Sadino menilai bahwa langkah Satgas dalam mengambil alih lahan perkebunan bertentangan dengan ketentuan Pasal 110A dan 110B UU Nomor 6 Tahun 2023 tentang Cipta Kerja.
Terlebih, jika lahan yang disita merupakan area yang telah memiliki izin Hak Guna Usaha (HGU), hal ini justru berpotensi membuat investor enggan menanamkan modal di sektor perkebunan. Menurutnya, kedudukan hukum Satgas bisa diperdebatkan dalam penegakan hukum.
"Siapa yang berhak atas lahan kebun dimaksud yang dijarah. Proses ambil alih tidak mudah dan harus clear tentang hak dan kewajiban antara pemilih lahan sebelumnya dengan Satgas. Artinya kedudukan hukum masih rancu," terangnya.
Ia berharap keberadaan Satgas tidak mengganggu produksi dan produktivitas kebun sawit. Jangan malah sebaliknya Satgas justru membuat usaha perkebunan menjadi terganggu keberlanjutannya. Karena itu, Satgas harus memilah sumber izin pelaku usaha.
"Jangan hanya ikut Kementerian Kehutanan. Saya sangat berharap agar tidak mengganggu perekonomian mesti dipilah yang sudah ada hak atas tanah seperti SHM (sertifikat hak milik),HGB (hak guna bangunan) dan HGU (hak guna usaha) adalah bukan kawasan hutan harus dikeluarkan," tegas Sadino.
Sekitar 3,4 juta hektare dari total 16 juta hektare kebun sawit berada di dalam kawasan hutan, baik dalam kuasa perusahaan maupun warga.
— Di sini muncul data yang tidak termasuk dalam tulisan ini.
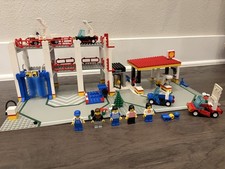 Vintage 1988 LEGO Metro Park & Service Tower (6394). Nearly complete. See descr.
Sumbangan sektor sawit bagi perekonomian nasional sangat besar. Kementerian Keuangan menyebut nilai kapasitas produksi nasional industri kelapa sawit 2023 diperkirakan sebesar Rp729 triliun.
Sepanjang 2023, industri kelapa sawit memberikan kontribusi terhadap APBN dengan total mencapai sekitar Rp88 triliun. Angka ini terdiri dari penerimaan dari sektor pajak Rp50,2 triliun, PNBP Rp 32,4 triliun, dan Bea Keluar Rp6,1 triliun. Sektor sawit di Indonesia saat ini telah melibatkan 2,4 juta petani swadaya dan 16 juta tenaga kerja.
Sadino berharap, lahan sawit yang sedang berproses izinnya harus didukung sampai ada penyelesaian. Dia mengingatkan HGU dan kebun sawit adalah agunan kredit bank. Jika Satgas tidak hati-hati dalam menangani, akan dapat berdampak pada permasalahan ekonomi Indonesia.
"Lahan kebun sangat berbeda dengan tambang. Hasil kebun yang tidak terkelola secara benar akan rusak dan produksinya menurun. Sedangkan hasil tambang lebih bisa dipasang plang larangan karena tidak akan berpindah kandungan dalam wilayah tambang," pungkasnya.